<<<<

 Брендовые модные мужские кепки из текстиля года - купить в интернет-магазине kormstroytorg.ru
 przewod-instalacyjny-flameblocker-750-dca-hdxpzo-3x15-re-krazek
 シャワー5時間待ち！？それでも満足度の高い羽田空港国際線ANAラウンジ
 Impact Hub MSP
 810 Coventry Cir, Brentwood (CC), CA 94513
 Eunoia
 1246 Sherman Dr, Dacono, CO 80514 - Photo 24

>>>>
<<<<

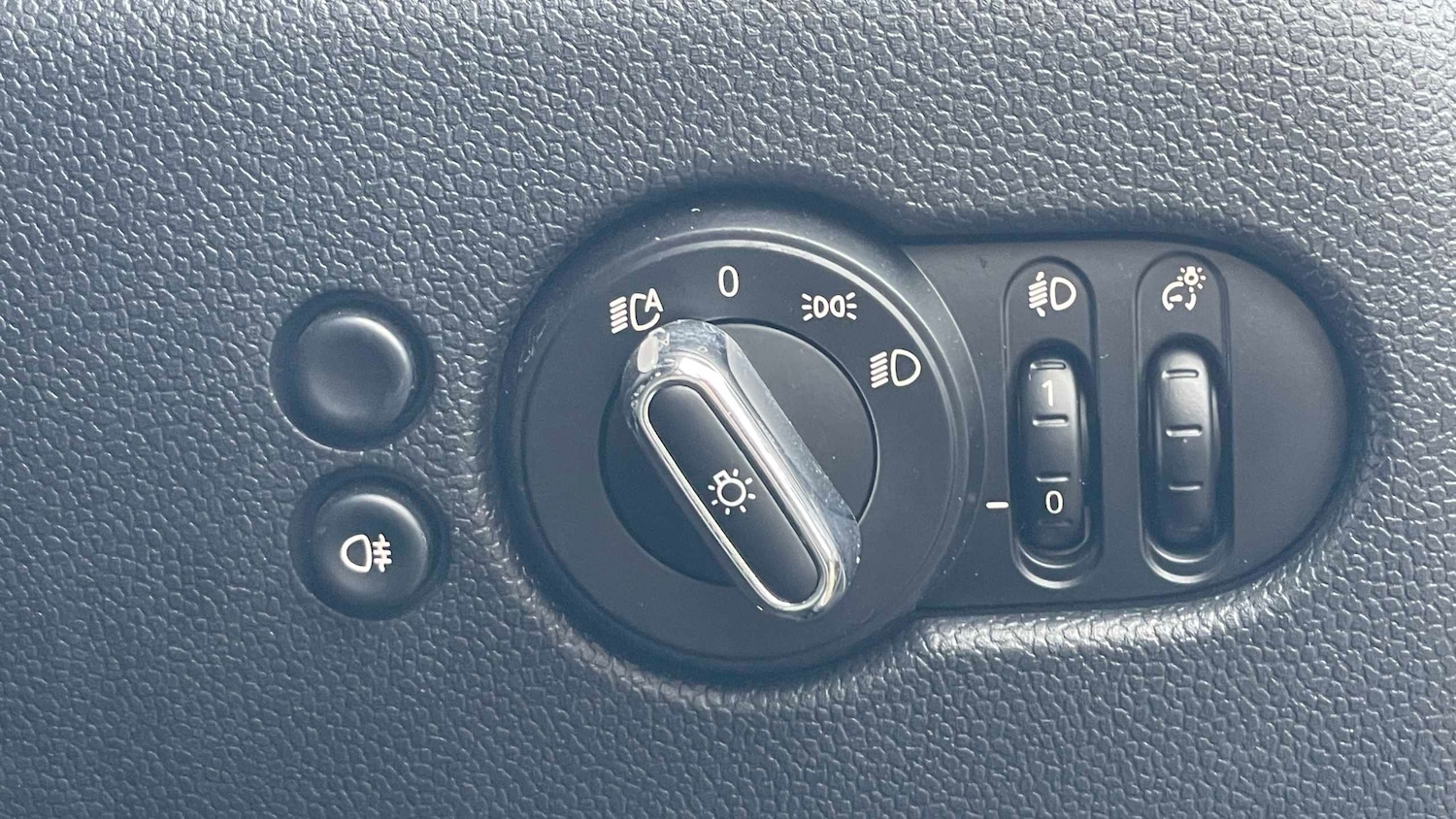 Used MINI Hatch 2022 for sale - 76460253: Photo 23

>>>>

Exercise details ::
Among the lines above, repeat exactly those from the line with "przewod-instalacyjny-flameblocker-750-dca-hdxpzo-3x15-re-krazek" to the line with "1246 Sherman Dr, Dacono, CO 80514 - Photo 24", counting both ends.

Response to the task ::
 przewod-instalacyjny-flameblocker-750-dca-hdxpzo-3x15-re-krazek
 シャワー5時間待ち！？それでも満足度の高い羽田空港国際線ANAラウンジ
 Impact Hub MSP
 810 Coventry Cir, Brentwood (CC), CA 94513
 Eunoia
 1246 Sherman Dr, Dacono, CO 80514 - Photo 24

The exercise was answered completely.